While I don’t think the ability to learn a language – or lack thereof – is inborn, I do think there are certain personality types that have an easier or more difficult time learning a new language, particularly as adults. Learning a language requires letting go of our ego, it requires an ability to cede control of the conversation and of our interactions with others. Some people feel comfortable with ambiguity and with making a fool of themselves in front of other adults. But others – probably most people, actually – don’t feel comfortable with that. Those that can handle the ambiguity, however, will ultimately have more success and more fun learning a foreign language.
This is especially true at the beginning of a new language, and I think it is the feeling of being “out of control” of the situation that, consciously or not, turns people off to language learning.
When you’re still at an intermediate level, you have to accept that in your conversations with native speakers you’ll probably listen a bit more than you talk. You probably won’t understand everything that native speakers say, either. If you are at the doctor’s office or police station, you might end up asking him or her to repeat him or herself several times. If you’re asking for directions, you might end up relying more on non-verbal gestures than on language to understand the response. If you’re just talking to an acquaintance, you might end up misunderstanding the question or the statement.

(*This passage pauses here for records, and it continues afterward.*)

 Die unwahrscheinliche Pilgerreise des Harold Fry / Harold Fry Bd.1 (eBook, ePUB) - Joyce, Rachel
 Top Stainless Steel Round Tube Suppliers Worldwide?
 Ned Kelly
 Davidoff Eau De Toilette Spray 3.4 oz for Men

A couple weeks after I had arrived in Russia, I had gotten together with a friend of a friend, a Russian woman who lived in Moscow. We were taking a boat tour of Moscow together, and she was narrating the sites, asking me about myself and, in general, doing most of the talking. Of course, I was trying to keep up, answering her questions and listening carefully, but I didn’t understand everything she said. At one point, we passed a mosque. I understood her telling me that it was a mosque (it helped that it was visibly recognizable as a mosque), but I wasn’t so sure what she said afterwards. As usual, I smiled and nodded.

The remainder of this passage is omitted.